Francisco Goya: A Life
Counterpoint | 2004 | ISBN: 1582433070 | English | 264 pages | PDF | 37.8 MB
This rousing history of Goya's life and times opens with a devastating anecdote about his most notorious model. Evidently the 13th duchess of Alba, "by every account a mankiller," once picked up a poor seminarian while cruising incognito and forced him to dine her so lavishly that he had to forfeit his trousers when the bill came. Connell takes the painter's career as a vantage point from which to portray Spain at the end of the 18th century. As the ambitious young artist from Saragossa was attempting to climb the ladder of imperial favor, the House of Bourbon was in decline, its empire dominated by a despotic Inquisition and a terrible heedlessness of what was happening on the other side of the Pyrenees.

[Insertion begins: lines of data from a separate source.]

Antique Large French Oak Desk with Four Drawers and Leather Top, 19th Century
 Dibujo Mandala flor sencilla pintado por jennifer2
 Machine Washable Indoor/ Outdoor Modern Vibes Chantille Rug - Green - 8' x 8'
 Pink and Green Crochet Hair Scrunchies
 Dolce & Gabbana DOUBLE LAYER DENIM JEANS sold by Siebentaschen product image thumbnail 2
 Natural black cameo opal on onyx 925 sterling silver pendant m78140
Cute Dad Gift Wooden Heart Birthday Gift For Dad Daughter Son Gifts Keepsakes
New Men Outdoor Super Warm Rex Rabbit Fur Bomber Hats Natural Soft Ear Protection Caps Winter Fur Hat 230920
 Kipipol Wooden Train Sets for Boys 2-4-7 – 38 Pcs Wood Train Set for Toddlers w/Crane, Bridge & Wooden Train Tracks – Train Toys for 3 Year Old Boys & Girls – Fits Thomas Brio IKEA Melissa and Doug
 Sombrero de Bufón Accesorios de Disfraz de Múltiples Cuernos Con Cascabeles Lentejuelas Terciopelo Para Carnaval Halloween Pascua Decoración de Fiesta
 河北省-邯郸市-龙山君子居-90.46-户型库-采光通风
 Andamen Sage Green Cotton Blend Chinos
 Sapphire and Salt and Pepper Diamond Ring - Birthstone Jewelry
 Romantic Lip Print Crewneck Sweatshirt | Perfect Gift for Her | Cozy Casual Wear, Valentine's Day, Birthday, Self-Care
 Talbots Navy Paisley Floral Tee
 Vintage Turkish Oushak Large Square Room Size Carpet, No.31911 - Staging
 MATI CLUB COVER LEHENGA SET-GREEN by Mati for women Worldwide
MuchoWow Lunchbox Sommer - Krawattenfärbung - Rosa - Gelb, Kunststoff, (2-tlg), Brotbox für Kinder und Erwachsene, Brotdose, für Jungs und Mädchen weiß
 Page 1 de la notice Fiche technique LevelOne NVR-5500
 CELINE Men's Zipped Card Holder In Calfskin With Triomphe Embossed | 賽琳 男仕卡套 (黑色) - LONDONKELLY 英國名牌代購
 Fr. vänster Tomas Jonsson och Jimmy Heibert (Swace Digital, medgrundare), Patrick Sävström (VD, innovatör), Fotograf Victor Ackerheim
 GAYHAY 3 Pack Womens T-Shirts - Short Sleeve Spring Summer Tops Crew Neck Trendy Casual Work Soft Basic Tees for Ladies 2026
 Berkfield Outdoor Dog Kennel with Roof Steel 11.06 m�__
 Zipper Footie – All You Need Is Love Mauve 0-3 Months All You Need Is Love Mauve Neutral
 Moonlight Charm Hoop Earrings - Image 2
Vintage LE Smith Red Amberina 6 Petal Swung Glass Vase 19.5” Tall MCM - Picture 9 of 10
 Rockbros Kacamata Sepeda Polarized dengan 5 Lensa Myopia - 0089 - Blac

By the time the French invaded, Goya's hard-won status was unassailable, even by his own brutal honesty, and remained so through the ensuing upheavals, his work growing more satirical and embittered with each change of regime. One of the chief puzzles about Goya is how he managed to retain the favor of his patrons while making them look awful and, conversely, how he correlated his political conscience with his persistent ambition. Instead of answering these questions, Connell explores the rich perversities of the whole epoch, thus rendering the painter's peculiarities more authoritative than mysterious. The loosely structured narrative includes canny, sometimes hilarious character sketches, wry reportage of contemporary horrors and opinionated engagements with his many sources, including such entertaining figures as Casanova and Lady Elizabeth Holland. On the paintings, he makes only occasional, though pointed, commentary. This is, in short, an old-fashioned, belle-lettristic biography, full of erudition, unobtrusive scholarship and personality, whether its subject's or its author's being really beside the point; readers of Robert Hughes's recent Goya will want Connell's cultural reportage as counterpoint.